● **GIVEN MATERIAL**:

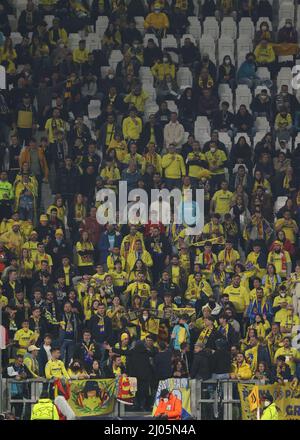 Turin, Italie, le 16th mars 2022. Fans de Villarreal lors du match de l'UEFA Champions League à l'Allianz Stadium de Turin. Le crédit photo devrait se lire: Jonathan Moscrop / Sportimage Banque D'Images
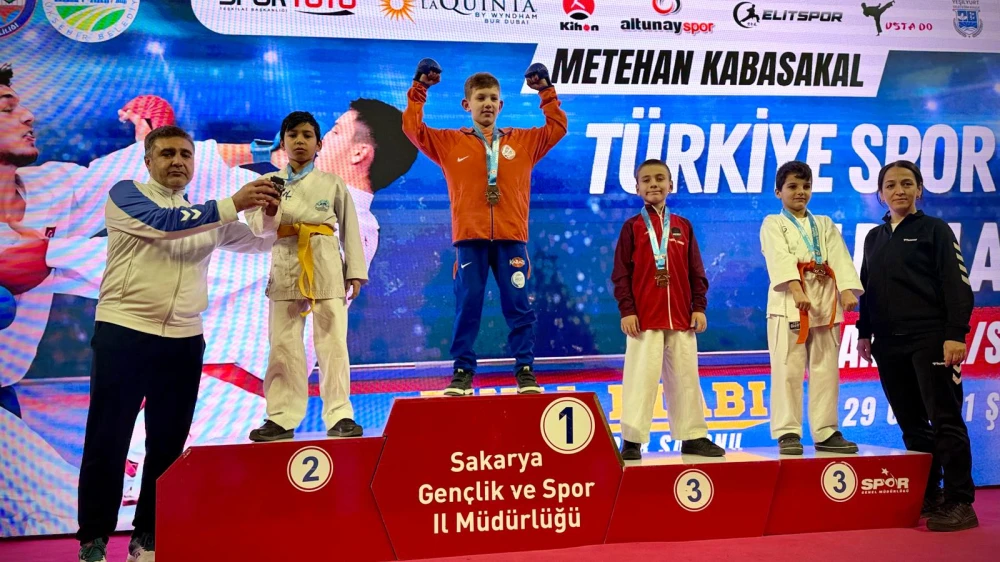 Eyyübiyeli minik karateci Türkiye ikincisi oldu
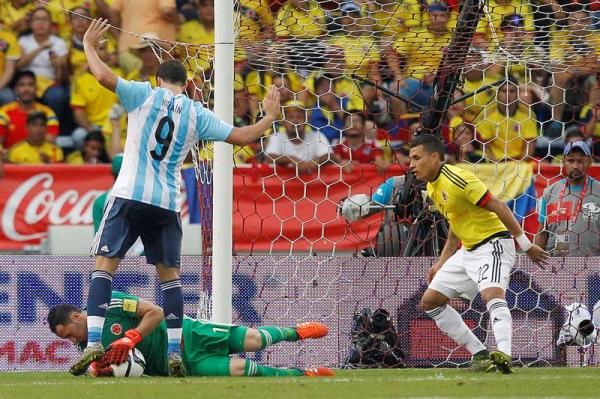 20151117-635833983851065019w_efe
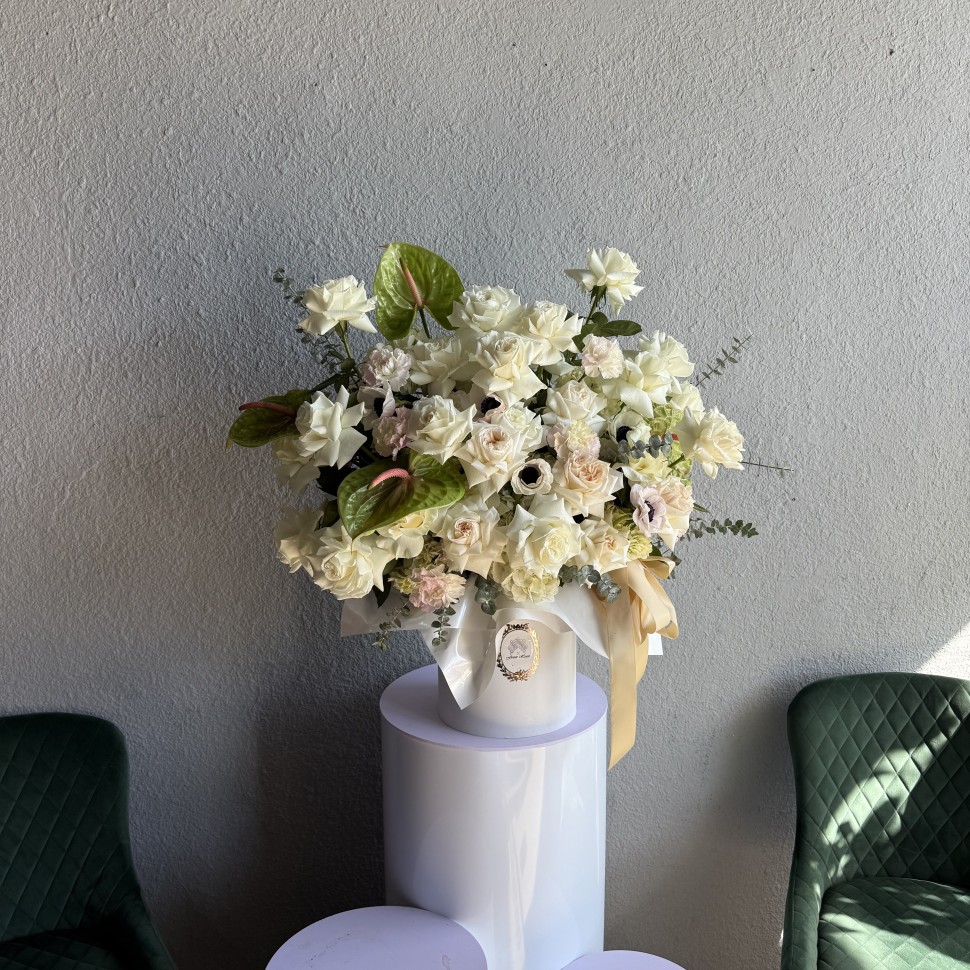 Briello Cloud Fresh Flower Box Briello Cloud Fresh Flower Box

● **EXERCISE PROMPT**:
Please set down the whole listing exactly, apart from the pictures.

● **RESPONSE AREA**:
 Turin, Italie, le 16th mars 2022. Fans de Villarreal lors du match de l'UEFA Champions League à l'Allianz Stadium de Turin. Le crédit photo devrait se lire: Jonathan Moscrop / Sportimage Banque D'Images
 Eyyübiyeli minik karateci Türkiye ikincisi oldu
 20151117-635833983851065019w_efe
 Briello Cloud Fresh Flower Box Briello Cloud Fresh Flower Box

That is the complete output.